Quite often you can lift the pump enough with the plumbing all attached but just be careful you don't break anything. 
If that doesn't help see if you can post a video or a sound file so we can hear what type of noise it is .

----------


## Petebrisvegas

Check for anything stuck in the fan  , potentially a dodgy bearing as well   ,  you might be able to access the bearing at one end , give it a dose of wd40 or something similar and if the tone changes you found your problem

----------


## Whitey66

I wouldn't be spraying anything into it or doing anything that might affect the 3 year warranty.

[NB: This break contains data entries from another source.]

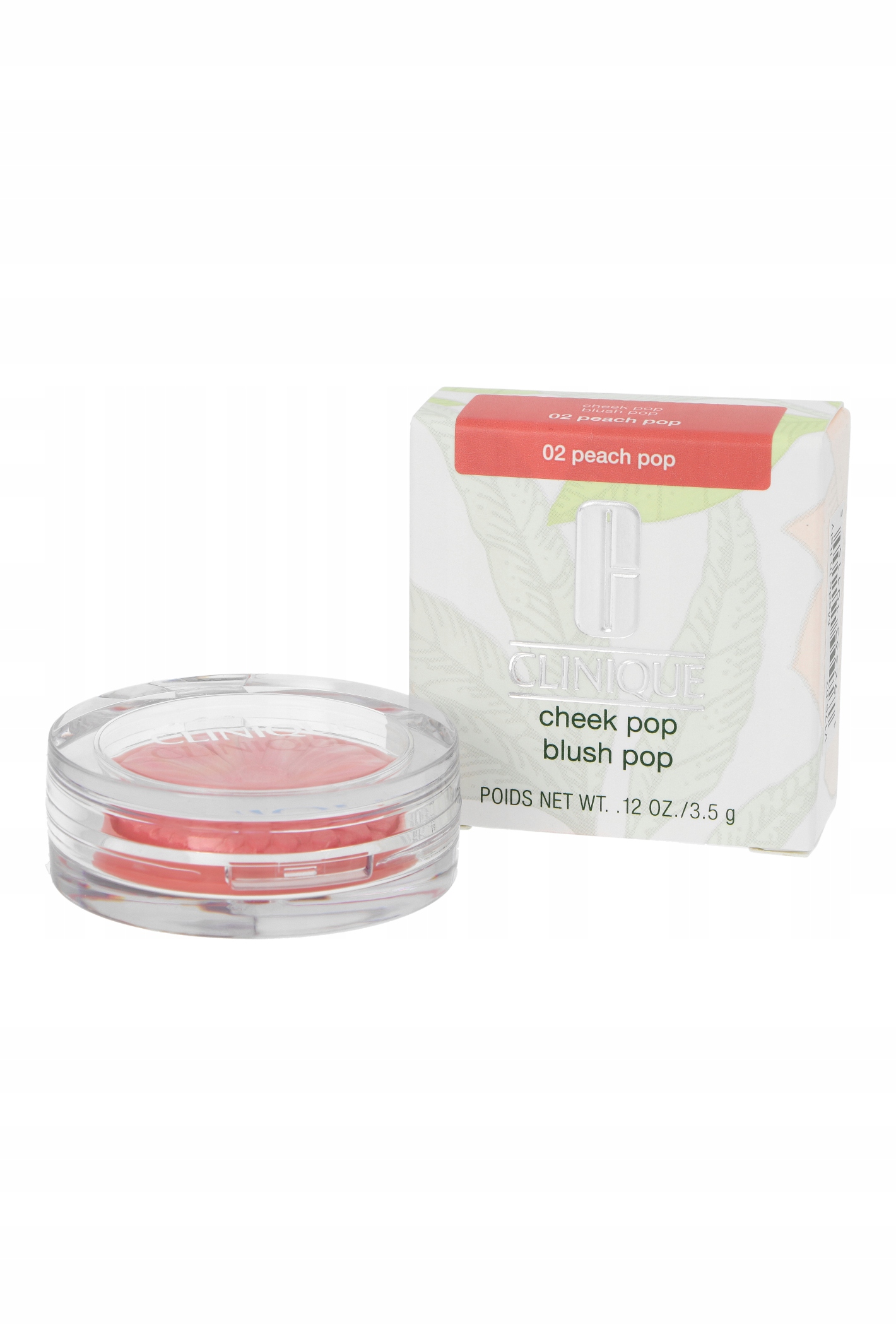 Růže na tváře lisovaná Clinique 02 Peach Pop 3,50 g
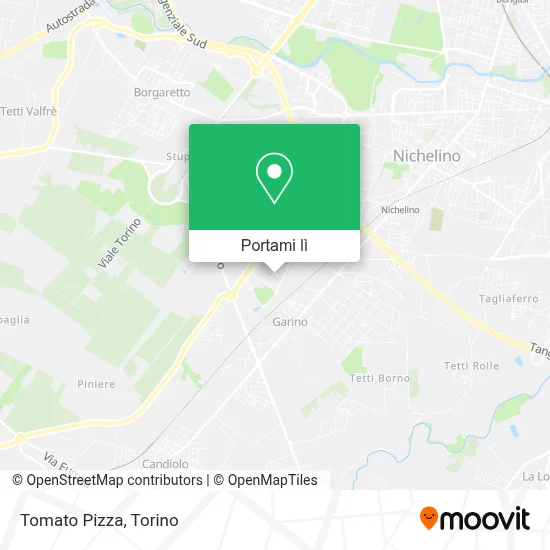 Mappa Tomato Pizza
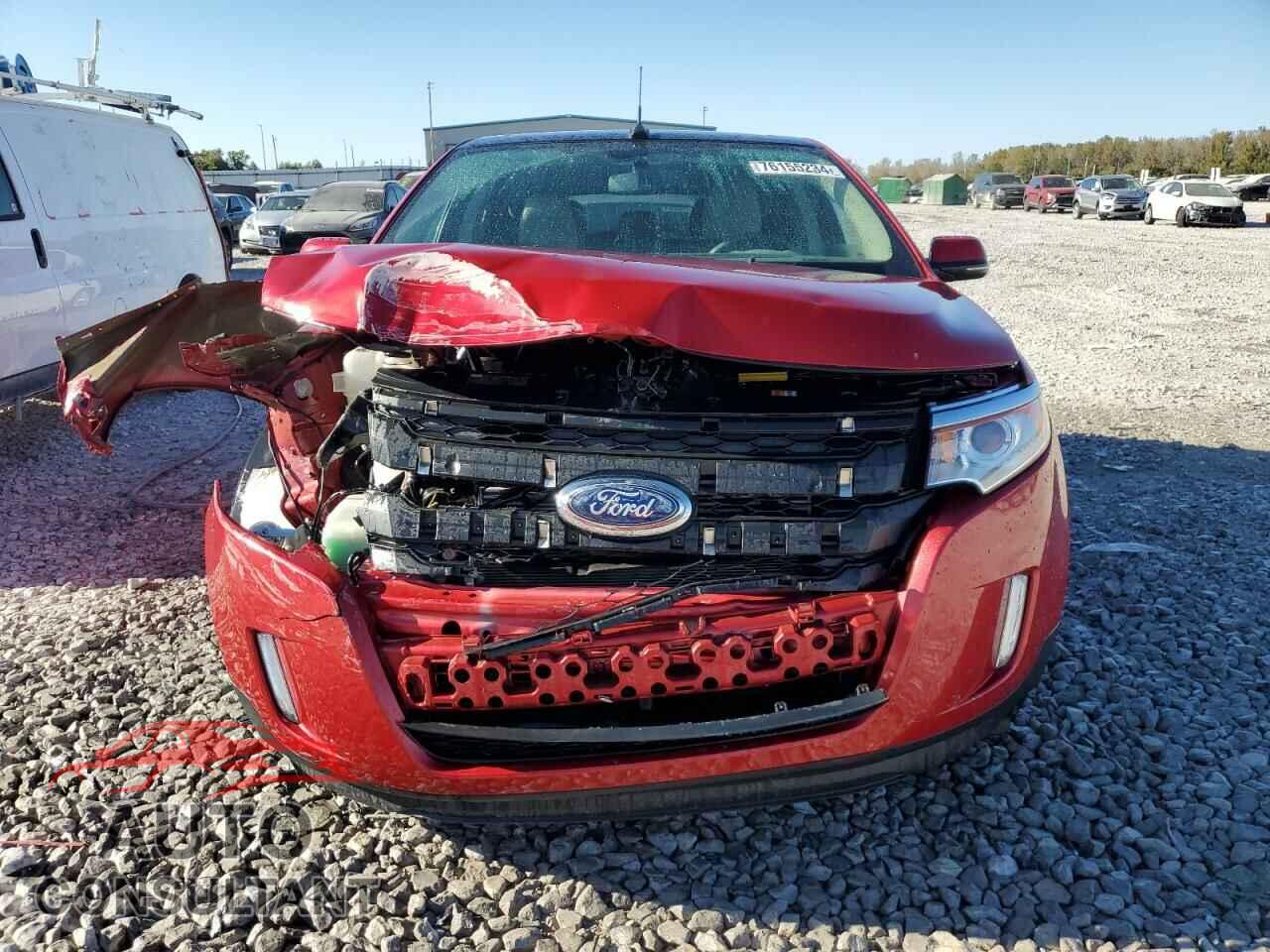 FORD EDGE 2012 - 2FMDK3K98CBA91834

Doing what I suggested won't affect warranty at all and if it's anything else it should be covered under the warranty anyway.

----------


## Petebrisvegas

I am a diesel tech and i find out whats wrong , spraying a bit of WD40 in the non pump end of armature bearing if you can get to it will not void any warranty . Just wipe it of before taking it in for warranty . I have repalced the bearing on my Hurlcon pump , cost about 10 bucks and took about 45 minutes and that includes removing and reinstalling the pump  . When you do the warranty thing they are not going to test it under load so you may have a couple back and forths before getting a result , like to tell them whats wrong but hey thats me , i am clever .

----------


## Whitey66

Well i'm a diesel tech, petrol tech, electrician and electric motor tech (including pool pumps) and I would never spray WD40 into a greased ball bearing as it will wash the grease out. 
I also like to check stuff out to tell them what's wrong with it too, but not to the extent of giving them a reason to wipe the warranty. If there was no issue with the rear bearing there soon could be.
This doesn't even apply here anyway as the pump motor in question is a sealed unit that is water cooled, there is no external access to the rear bearing anyway.
This pump is marketed as a really quiet one, if it's not then it's a warranty claim (unless the installation method is causing the noise).  https://www.youtube.com/watch?v=Vr4A8v-WNpA

----------


## Petebrisvegas

> the pump motor in question is a sealed unit that is water cooled, there is no external access to the rear bearing anyway.
> This pump is marketed as a really quiet one, if it's not then it's a warranty claim (unless the installation method is causing the noise).

  
Well there you go its inaccesible and i did say " maybe " so its all ever tightening circles  . Ring the place you bought it and hope for the best  OP   . Hurlcon are great products for what its worth  .

----------


## Marc

Davies are good domestic pumps. That sound like a shot bearing due to coolant leak. take it back or rather call them to take it away not before they install a working one.

----------